Dana Hall’s hybrid model is only one of many

Before the 2020-21 school year could begin, Dana Hall and surrounding independent schools were tasked with a complex challenge: creating a learning model that would be successful for all community members. Local students and their families at Dana Hall were given the choice to be fully remote or a hybrid learner. The hybrid model that Dana Hall has selected has two cohorts, D and H, which alternate being on campus weekly. When not on campus, students participate in all classes and co-curricular programs remotely from their homes. When on campus, they are learning 6 feet apart, with masks on. Grades 5-6 and 11-12 are together in cohort D, and grades 7-10 are in cohort H.

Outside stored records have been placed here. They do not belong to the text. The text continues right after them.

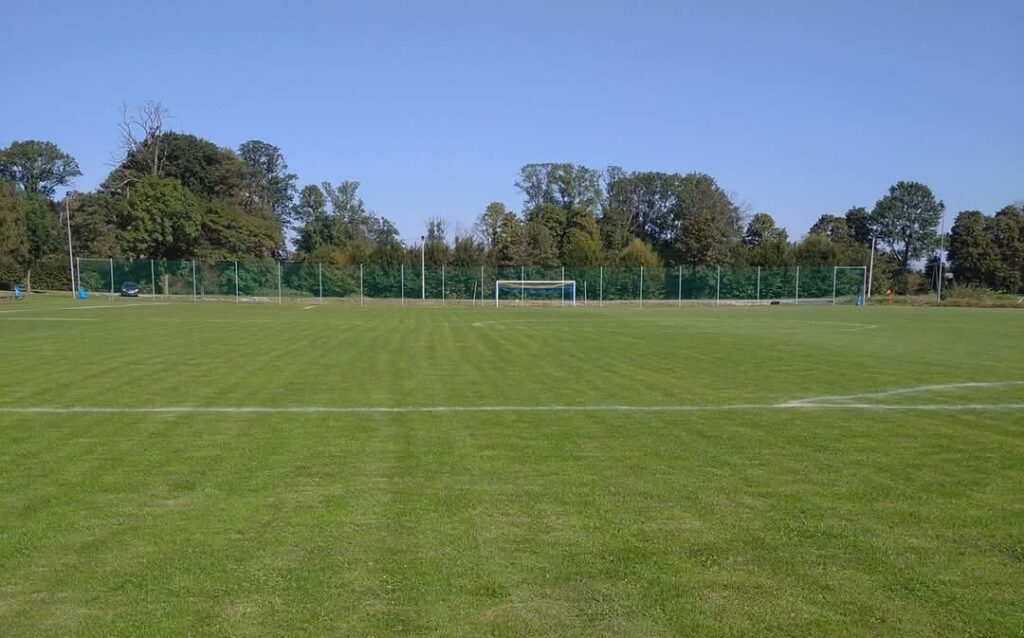 Screenshot_2025-08-25-06-23-57-647_com.facebook.katana-edit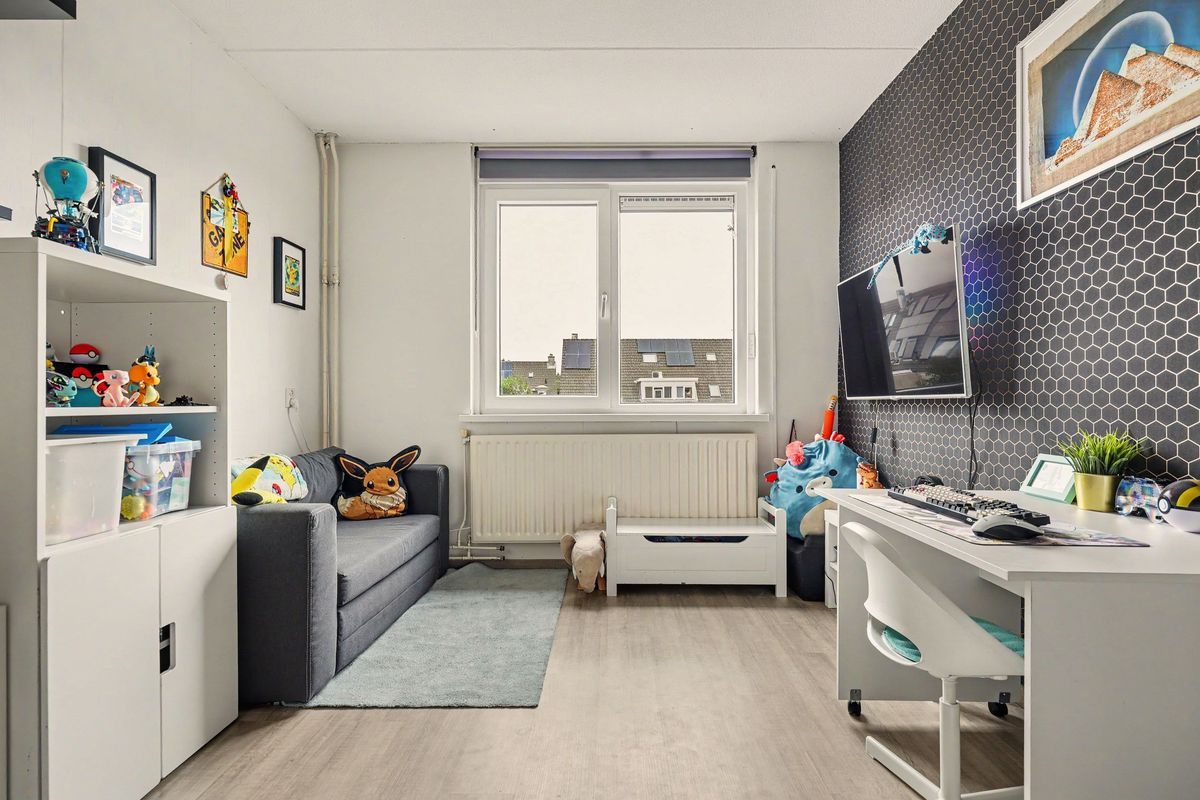 Merwedestraat 47 Photo 17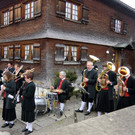 CIMG0048.JPG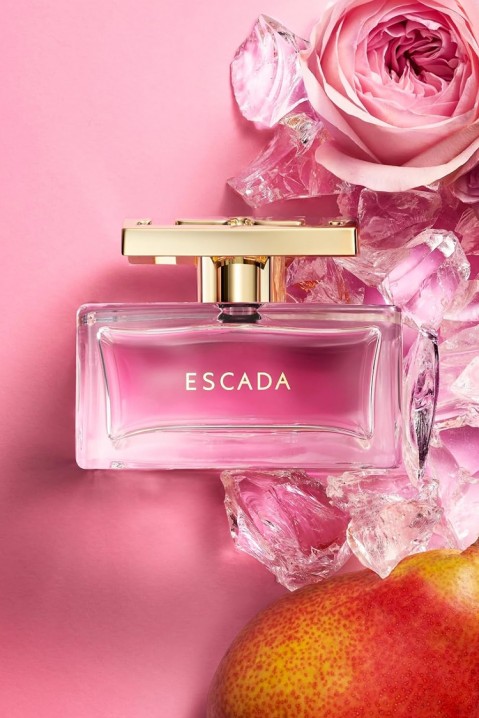 Άρωμα Escada Especially EDP 75 mlIVET.EU - Εκπτώσεις έως -80%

Students who are hybrid can decide at any time to switch to remote learning, but once they make that choice they must stay remote until open enrollment, which will be after Thanksgiving and in January. This rule was put into place for health and safety reasons, to avoid bringing in potential new germs from new people coming onto campus. Another substantial reason that Dana Hall chose this model was to give more time for the virus to show up through symptoms. The week-on/week-off plan allows 9 days between students’ being on campus, making it easier to catch symptoms before a student comes to campus. To further minimize people on campus, Dana Hall has signs placed throughout campus explaining how the campus is closed to anyone who is not a student or faculty member due to the virus.

Classes meet on campus in tents or classrooms. However, all students regardless of location Zoom into class so that online and hybrid students are in class together, whether that is virtually or physically. Similarly, some teachers are fully remote, and those classes meet over Zoom from campus as well as students’ homes. Sophia Cook ’22 notes that “I like Dana’s hybrid style because it is a nice break from week to week.”

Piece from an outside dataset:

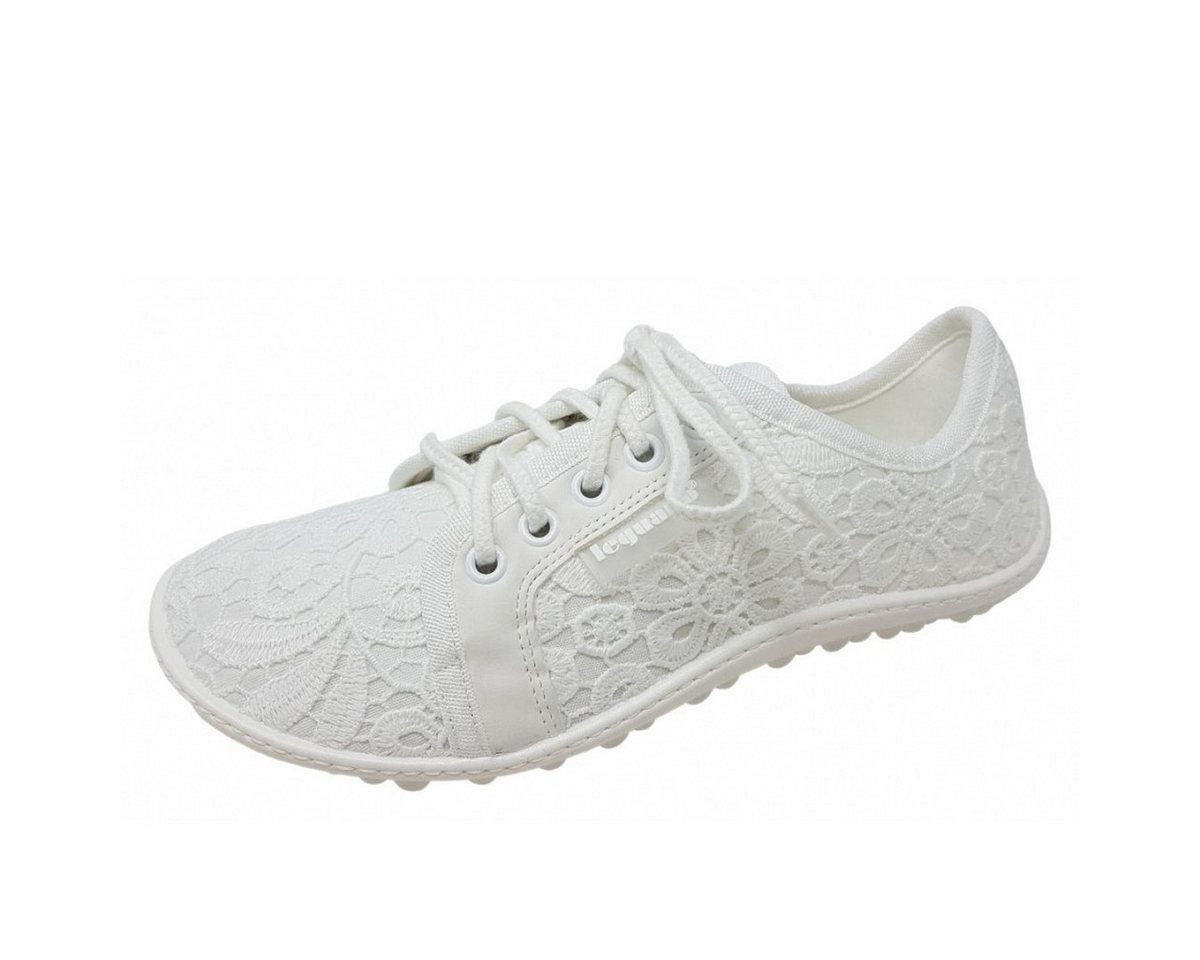 Leguano amalfi Sneaker von Leguano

Private schools in the greater Boston area have chosen varying hybrid learning models. Beaver Country Day School is remote each Monday with two cohorts coming in two different days per week. Milton Academy was all remote until October 5 and is now allowing day students to come to campus in cohorts. The Rivers School is similar to Dana’s plan with one week off, one week on, though their entire upper school is back. Belmont Hill is in-person four days a week, and remote one day per week. At Winsor, students are in-person two days and are remote for the remaining three days. Dexter Southfield is in-person with contract tracing as schedules only allow students to see a limited number  of people. Newton Country Day School is in-person but split up into small cohorts.

Consistent education regardless of where students live was of the utmost importance to Dana Hall, which was a leading reason that the School originally made the choice to go fully remote as of August 6, 2020. In an email sent out to all Dana Hall families, Head of School Katherine Bradley wrote, “Throughout our lengthy planning process, we have kept in mind three guiding principles: ensuring the health and safety of our entire Dana Hall community; creating a vigorous academic experience that allows for exceptional learning and growth; staying abreast of evolving best practices and devising protocols to implement them.” When this model was shared, as expected, there were many happy and relieved families, but also very many frustrated families. At this point the school decided to reopen the idea of a hybrid learning model while rearranging furniture, adding better ventilation systems to classrooms, and reimagining athletic programs. 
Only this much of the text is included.